TASK MATERIAL -
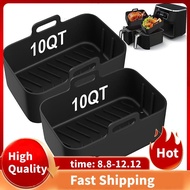 2PCS Air Fryer Silicone Liners for Ninjia DZ401 DZ550 Dual Air Fryer Reusable 10QT Non-Stick AirFrye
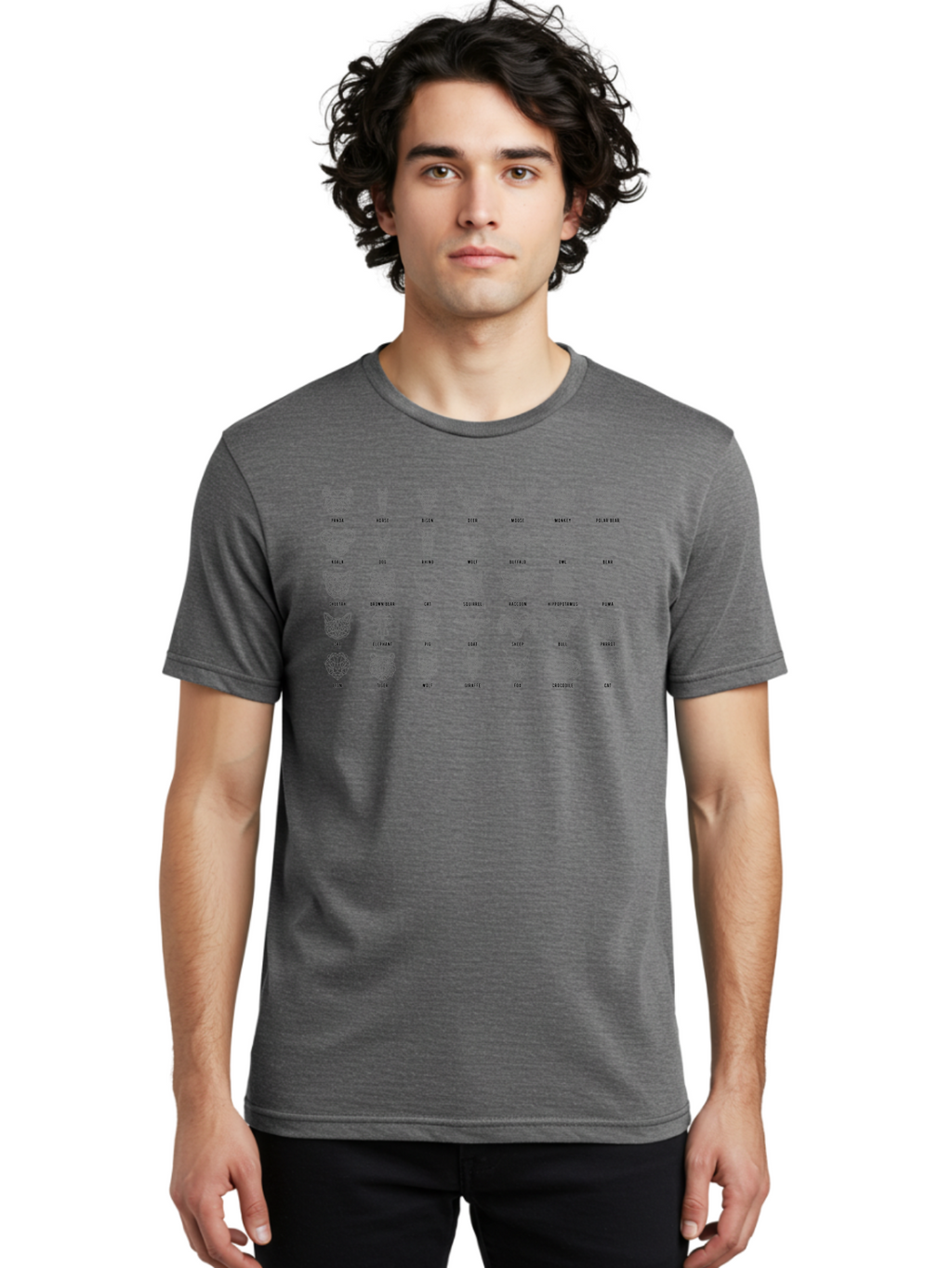 Animal-Silhouettes Men'S Graphic Tee, 100% Cotton, Comfortable Casual Summer Wear, Machine Washable, Animal Heads, Wildlife Illustrations, Mammal Faces, Fauna Silhouettes, Animal Profiles, Zoological Graphics, Wildlife Art, Animal Designs, -  Aaa669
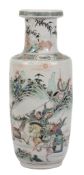 A Chinese porcelain famille verte rouleau vase, probably Kangxi A Chinese porcelain famille verte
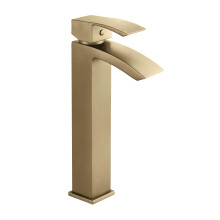 Balterley Contemporary Square Tall Single Lever Deck Mounted Mono Basin Mixer Tap, High Rise Design 307 x 52 x 139mm Brushed Brass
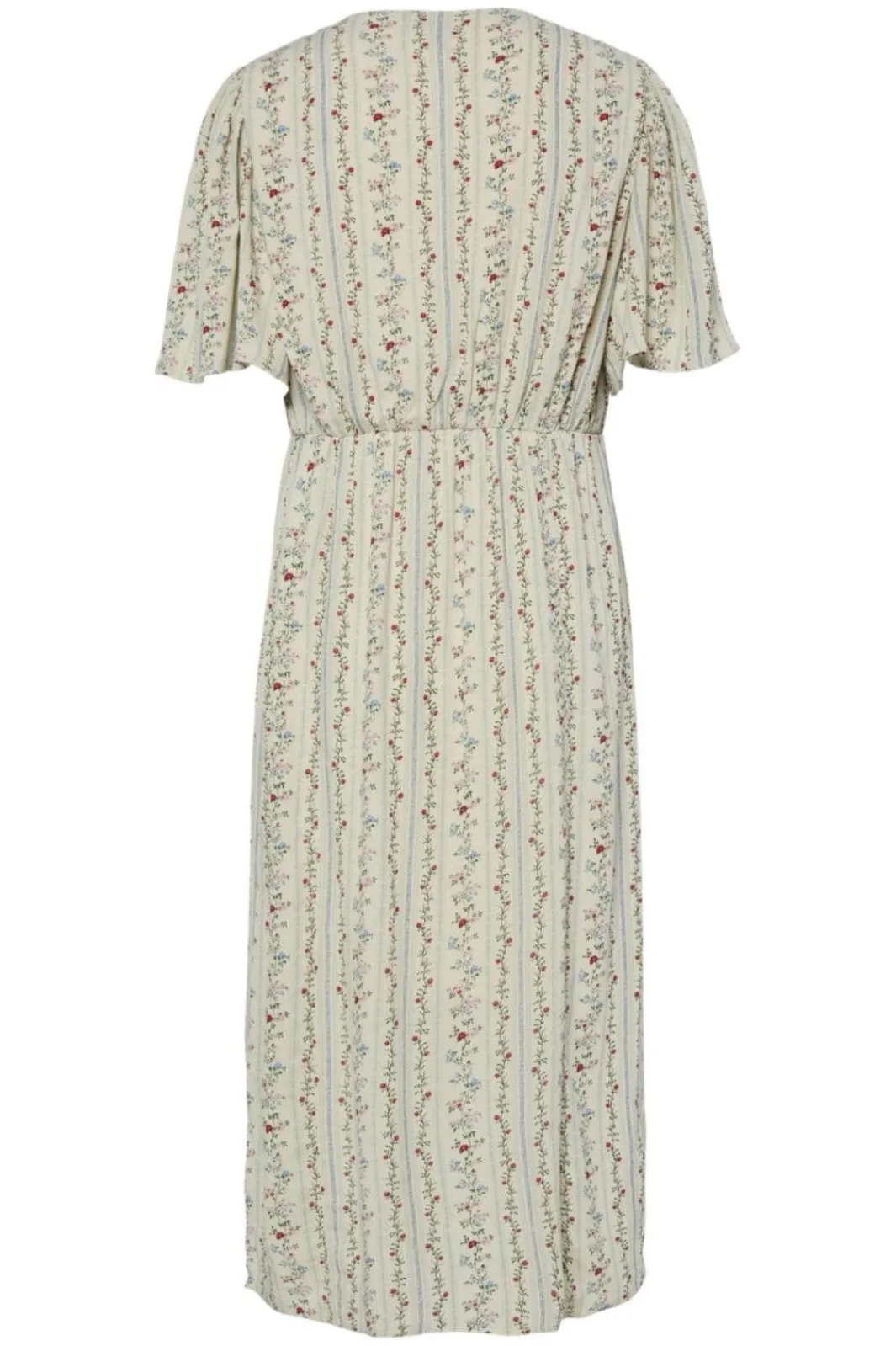 Best Pieces Pctaitlyn Ss V-Neck Midi Dress 4822602 Birch Striped Flower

YOUR OBJECTIVE -
Each entry should be set down exactly, pictures excluded.

FINISHED TASK -
 2PCS Air Fryer Silicone Liners for Ninjia DZ401 DZ550 Dual Air Fryer Reusable 10QT Non-Stick AirFrye
 Animal-Silhouettes Men'S Graphic Tee, 100% Cotton, Comfortable Casual Summer Wear, Machine Washable, Animal Heads, Wildlife Illustrations, Mammal Faces, Fauna Silhouettes, Animal Profiles, Zoological Graphics, Wildlife Art, Animal Designs, -  Aaa669
 A Chinese porcelain famille verte rouleau vase, probably Kangxi A Chinese porcelain famille verte
 Balterley Contemporary Square Tall Single Lever Deck Mounted Mono Basin Mixer Tap, High Rise Design 307 x 52 x 139mm Brushed Brass
 Best Pieces Pctaitlyn Ss V-Neck Midi Dress 4822602 Birch Striped Flower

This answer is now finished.